Agent Skills: Great Expectations Validator

Data quality validation skill using Great Expectations for schema validation, expectation suites, data documentation, and automated data quality checks in ML pipelines.

UncategorizedID: a5c-ai/babysitter/great-expectations-validator

Install this agent skill to your local

pnpm dlx add-skill https://github.com/a5c-ai/babysitter/tree/HEAD/plugins/babysitter/skills/babysit/process/specializations/data-science-ml/skills/great-expectations-validator

Skill Files

Browse the full folder contents for great-expectations-validator.

Download Skill

Loading file tree…

plugins/babysitter/skills/babysit/process/specializations/data-science-ml/skills/great-expectations-validator/SKILL.md

Skill Metadata

Name
great-expectations-validator
Description
Data quality validation skill using Great Expectations for schema validation, expectation suites, data documentation, and automated data quality checks in ML pipelines.

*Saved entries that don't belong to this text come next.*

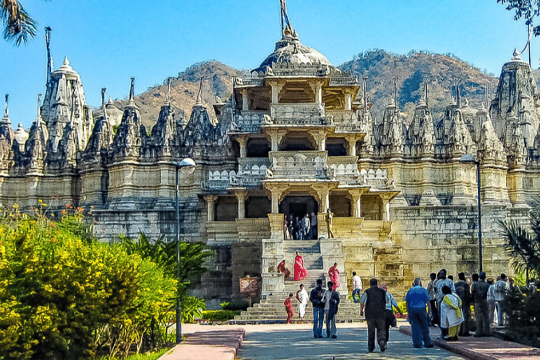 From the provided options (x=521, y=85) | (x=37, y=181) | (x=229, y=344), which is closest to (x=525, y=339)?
(x=229, y=344)

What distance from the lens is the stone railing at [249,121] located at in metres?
41.1

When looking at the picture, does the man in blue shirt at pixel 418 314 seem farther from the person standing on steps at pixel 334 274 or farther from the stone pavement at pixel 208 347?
the person standing on steps at pixel 334 274

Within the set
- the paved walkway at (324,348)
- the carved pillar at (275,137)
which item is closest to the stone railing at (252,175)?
the carved pillar at (275,137)

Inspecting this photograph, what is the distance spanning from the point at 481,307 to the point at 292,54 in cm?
2678

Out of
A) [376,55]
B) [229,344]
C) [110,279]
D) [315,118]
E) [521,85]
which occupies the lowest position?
[229,344]

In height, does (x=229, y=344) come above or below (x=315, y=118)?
below

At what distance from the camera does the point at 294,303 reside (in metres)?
29.9

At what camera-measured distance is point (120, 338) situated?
61.4ft

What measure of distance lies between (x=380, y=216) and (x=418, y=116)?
959 centimetres

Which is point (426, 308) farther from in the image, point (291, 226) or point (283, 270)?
point (291, 226)

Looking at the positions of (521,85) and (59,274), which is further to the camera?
(521,85)

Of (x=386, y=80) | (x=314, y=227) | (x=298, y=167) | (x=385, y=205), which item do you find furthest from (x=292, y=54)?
(x=386, y=80)

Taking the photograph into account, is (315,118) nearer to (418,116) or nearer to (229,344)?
(418,116)

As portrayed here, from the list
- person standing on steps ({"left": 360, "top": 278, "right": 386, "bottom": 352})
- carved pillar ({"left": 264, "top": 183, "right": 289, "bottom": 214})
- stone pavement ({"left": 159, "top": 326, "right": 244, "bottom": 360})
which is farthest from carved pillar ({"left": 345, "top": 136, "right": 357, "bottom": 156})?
person standing on steps ({"left": 360, "top": 278, "right": 386, "bottom": 352}) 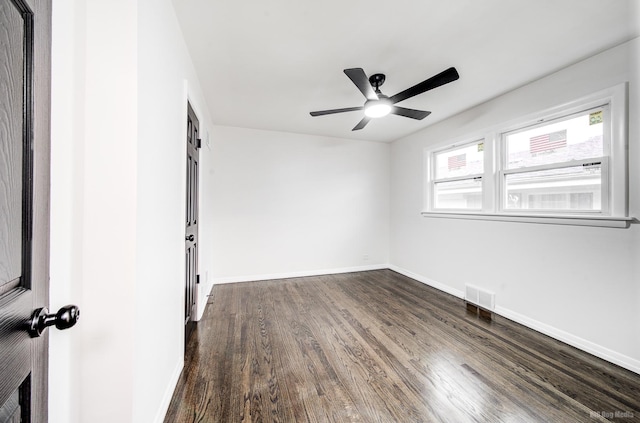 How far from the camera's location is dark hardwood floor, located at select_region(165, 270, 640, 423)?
1.49 metres

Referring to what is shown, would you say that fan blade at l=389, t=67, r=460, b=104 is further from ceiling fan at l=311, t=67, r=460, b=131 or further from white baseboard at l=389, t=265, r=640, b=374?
white baseboard at l=389, t=265, r=640, b=374

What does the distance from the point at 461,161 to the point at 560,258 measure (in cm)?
165

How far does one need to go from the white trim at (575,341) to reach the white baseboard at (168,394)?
3.17m

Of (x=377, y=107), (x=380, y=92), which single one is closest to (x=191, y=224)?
(x=377, y=107)

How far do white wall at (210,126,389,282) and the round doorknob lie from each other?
3179mm

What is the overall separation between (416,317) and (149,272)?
255cm

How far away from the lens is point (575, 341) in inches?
85.7

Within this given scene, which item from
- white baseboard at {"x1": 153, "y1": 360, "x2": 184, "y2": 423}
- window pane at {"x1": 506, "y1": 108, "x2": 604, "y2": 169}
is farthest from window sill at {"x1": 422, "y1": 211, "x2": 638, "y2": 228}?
white baseboard at {"x1": 153, "y1": 360, "x2": 184, "y2": 423}

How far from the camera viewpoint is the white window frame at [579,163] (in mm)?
1934

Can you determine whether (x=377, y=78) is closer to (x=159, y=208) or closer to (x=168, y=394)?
(x=159, y=208)

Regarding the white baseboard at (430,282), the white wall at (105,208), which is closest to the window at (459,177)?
the white baseboard at (430,282)

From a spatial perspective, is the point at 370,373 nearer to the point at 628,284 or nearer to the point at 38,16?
the point at 628,284

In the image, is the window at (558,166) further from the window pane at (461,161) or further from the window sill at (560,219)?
the window pane at (461,161)

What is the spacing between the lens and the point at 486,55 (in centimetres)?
209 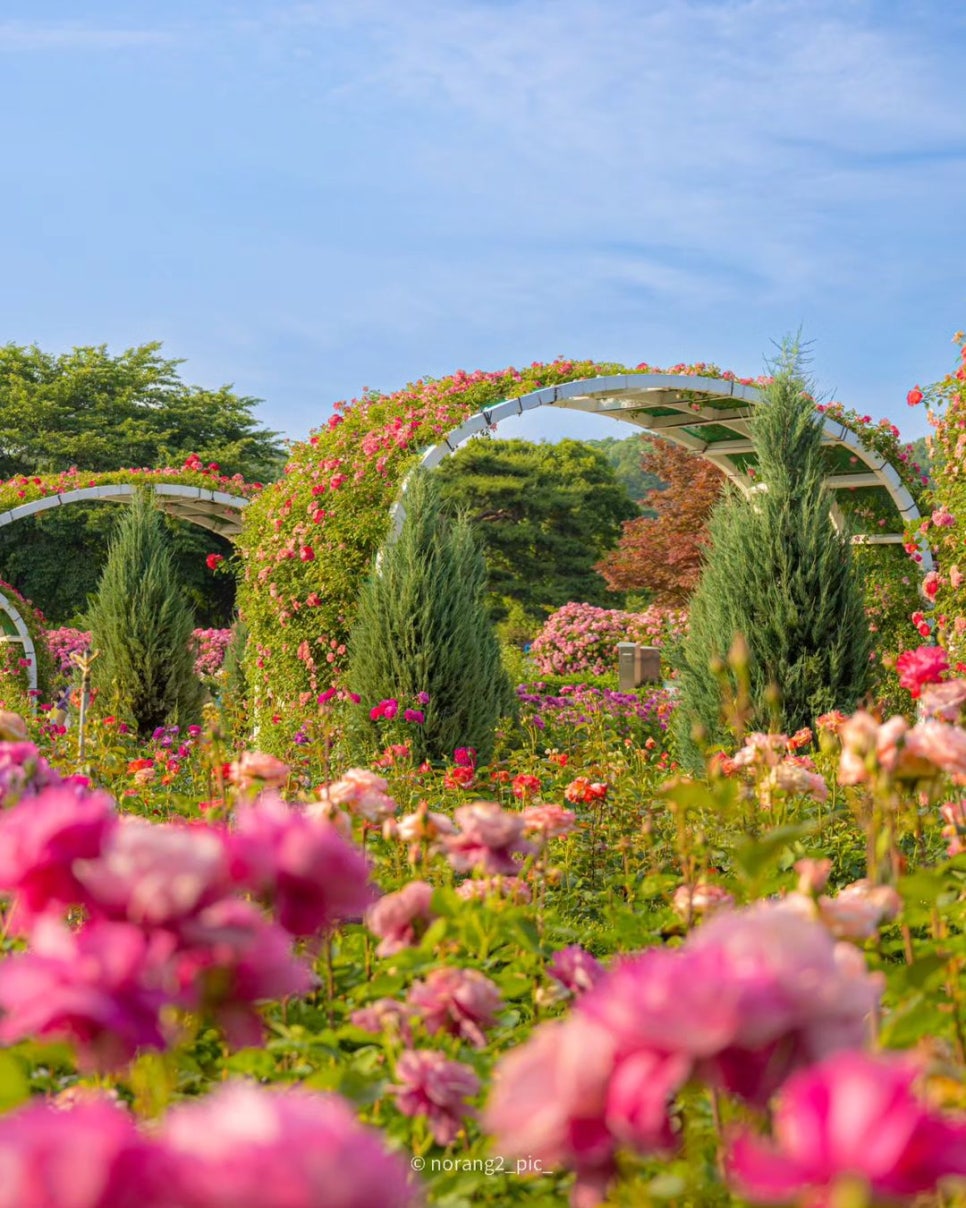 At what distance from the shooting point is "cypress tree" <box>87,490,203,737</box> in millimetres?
11023

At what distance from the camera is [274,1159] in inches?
24.8

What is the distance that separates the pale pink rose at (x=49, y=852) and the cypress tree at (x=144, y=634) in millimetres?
10118

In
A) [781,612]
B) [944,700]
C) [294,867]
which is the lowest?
[294,867]

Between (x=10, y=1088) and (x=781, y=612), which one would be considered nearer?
(x=10, y=1088)

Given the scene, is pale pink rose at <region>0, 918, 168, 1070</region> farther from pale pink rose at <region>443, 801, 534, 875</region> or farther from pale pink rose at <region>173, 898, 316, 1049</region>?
pale pink rose at <region>443, 801, 534, 875</region>

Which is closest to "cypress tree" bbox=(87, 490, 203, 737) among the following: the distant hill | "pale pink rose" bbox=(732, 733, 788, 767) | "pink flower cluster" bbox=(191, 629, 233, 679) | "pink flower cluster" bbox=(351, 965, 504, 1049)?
"pink flower cluster" bbox=(191, 629, 233, 679)

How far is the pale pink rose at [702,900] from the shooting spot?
6.64ft

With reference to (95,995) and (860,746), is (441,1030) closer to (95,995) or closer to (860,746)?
(860,746)

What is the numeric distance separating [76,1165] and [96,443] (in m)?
28.2

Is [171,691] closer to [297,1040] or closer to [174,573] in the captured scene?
[174,573]

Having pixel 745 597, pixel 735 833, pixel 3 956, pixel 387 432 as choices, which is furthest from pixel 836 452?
pixel 3 956

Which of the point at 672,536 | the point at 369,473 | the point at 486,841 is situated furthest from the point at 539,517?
the point at 486,841

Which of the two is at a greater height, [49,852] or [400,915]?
[49,852]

Great Expectations Validator

Validate data quality using Great Expectations for comprehensive data testing, documentation, and quality monitoring.

Overview

This skill provides capabilities for data quality validation using Great Expectations (GX), the leading open-source library for data quality. It enables creation and execution of expectation suites, data documentation generation, and integration with ML pipelines.

Capabilities

Expectation Suite Management

  • Create and configure expectation suites
  • Define expectations for columns and tables
  • Validate data against expectations
  • Store and version expectation suites

Data Validation

  • Schema validation (column presence, types)
  • Statistical validation (distributions, ranges)
  • Referential integrity checks
  • Custom SQL-based expectations
  • Regex pattern matching

Data Documentation

  • Generate data documentation (Data Docs)
  • Create profiling reports
  • Document validation results
  • Build data dictionaries

Pipeline Integration

  • Checkpoint configuration and execution
  • Batch request management
  • Action-based workflows (notifications, storage)
  • Integration with Airflow, Prefect, Dagster

Custom Expectations

  • Define domain-specific expectations
  • Parameterized expectations
  • Multi-column expectations
  • Row-condition based expectations

Prerequisites

Installation

pip install great_expectations>=0.18.0

Optional Connectors

# Database connectors
pip install great_expectations[sqlalchemy]

# Cloud storage
pip install great_expectations[s3]  # AWS
pip install great_expectations[gcs]  # GCP
pip install great_expectations[azure]  # Azure

# Spark support
pip install great_expectations[spark]

Usage Patterns

Initialize Great Expectations Project

# Initialize GX project
great_expectations init

# Creates:
# great_expectations/
# ├── great_expectations.yml
# ├── expectations/
# ├── checkpoints/
# ├── plugins/
# └── uncommitted/

Create Expectation Suite from Profiler

import great_expectations as gx

# Initialize context
context = gx.get_context()

# Add datasource
datasource = context.sources.add_pandas("my_datasource")
data_asset = datasource.add_csv_asset("customers", filepath_or_buffer="customers.csv")

# Create batch request
batch_request = data_asset.build_batch_request()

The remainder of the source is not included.